Top of DATA UNDER STUDY

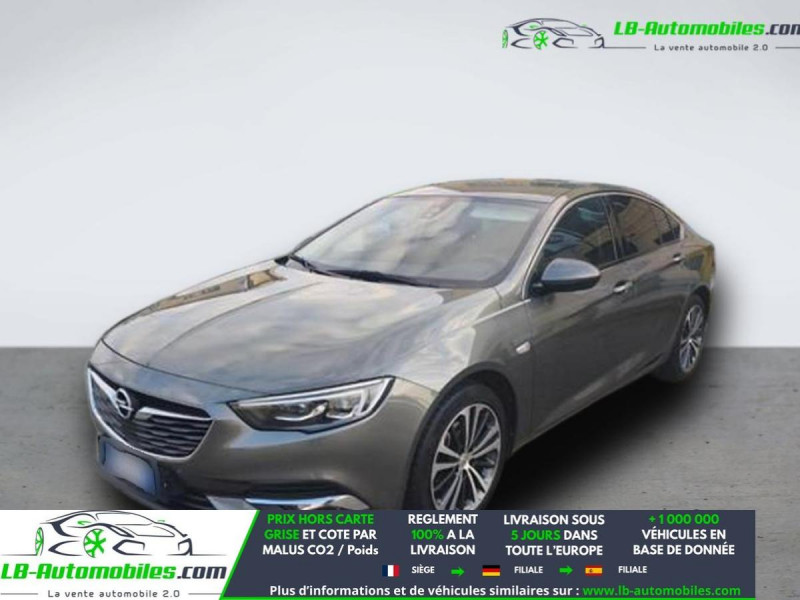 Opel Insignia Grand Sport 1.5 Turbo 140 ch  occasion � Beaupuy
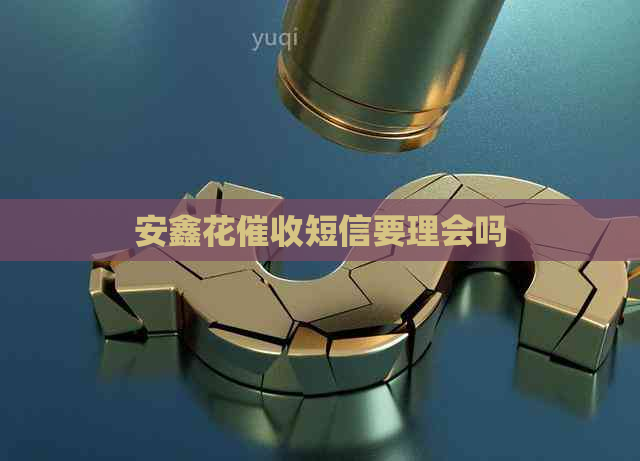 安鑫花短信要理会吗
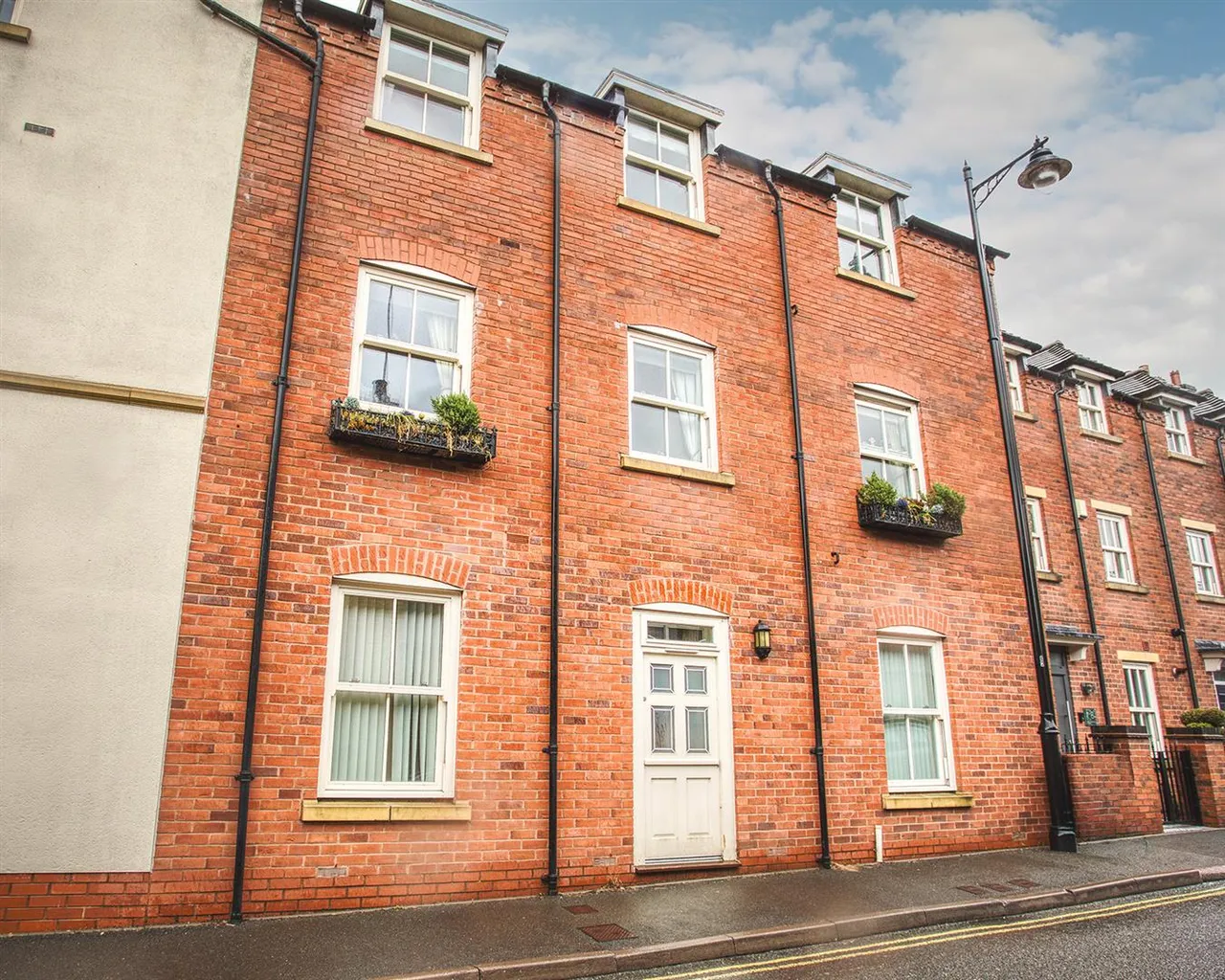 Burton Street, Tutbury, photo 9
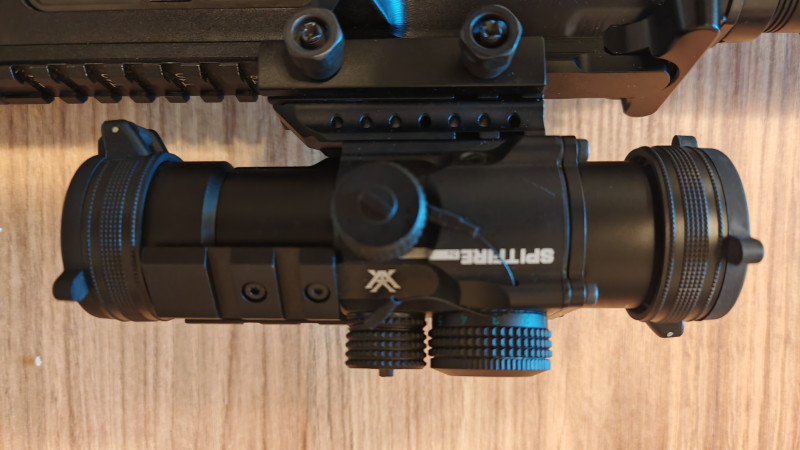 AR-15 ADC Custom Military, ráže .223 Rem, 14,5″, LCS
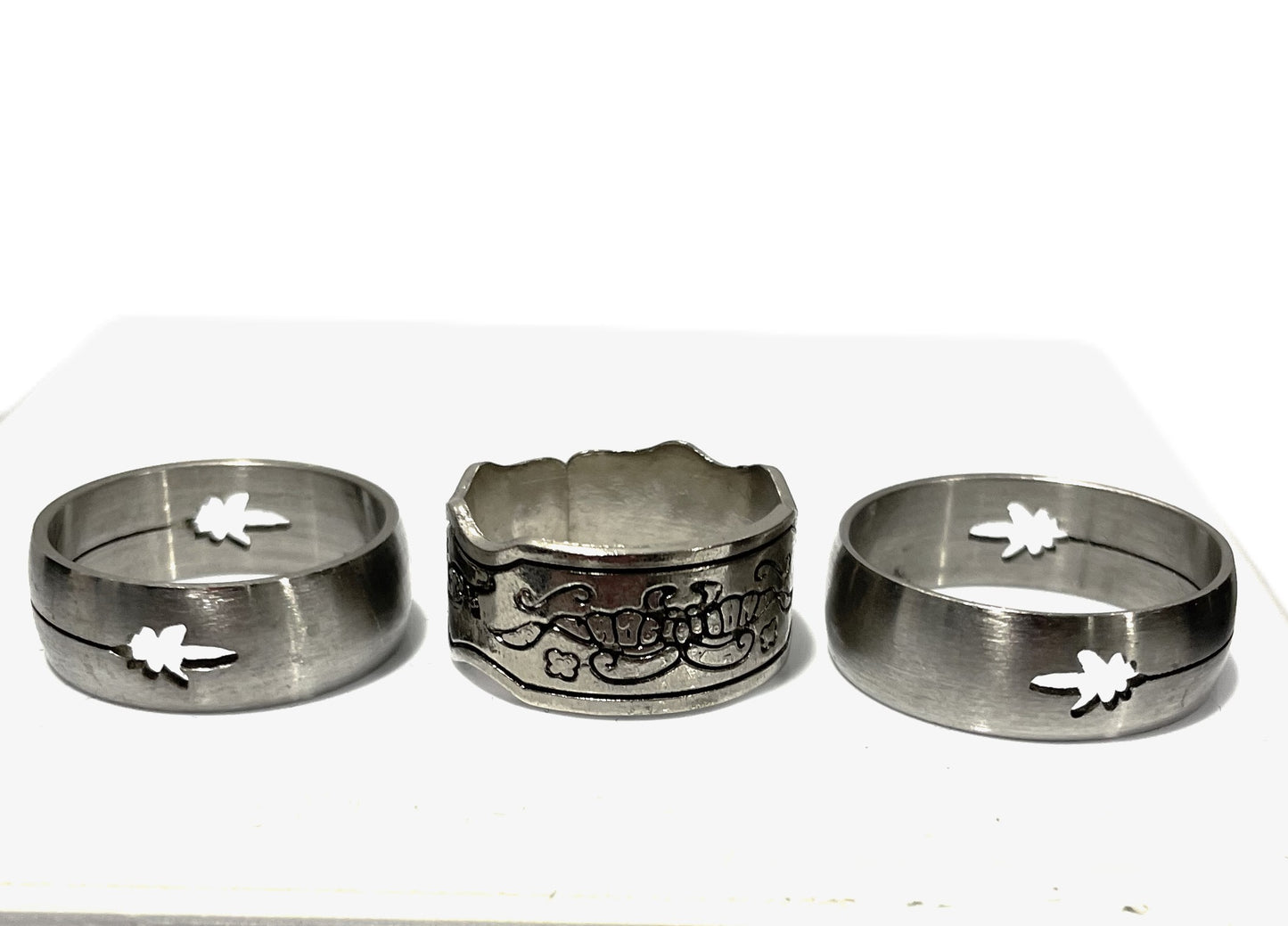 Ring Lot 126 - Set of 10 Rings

Bottom of DATA UNDER STUDY

Exact repetition of all entries is required. The pictures should not appear.

 Opel Insignia Grand Sport 1.5 Turbo 140 ch  occasion � Beaupuy
 安鑫花短信要理会吗
 Burton Street, Tutbury, photo 9
 AR-15 ADC Custom Military, ráže .223 Rem, 14,5″, LCS
 Ring Lot 126 - Set of 10 Rings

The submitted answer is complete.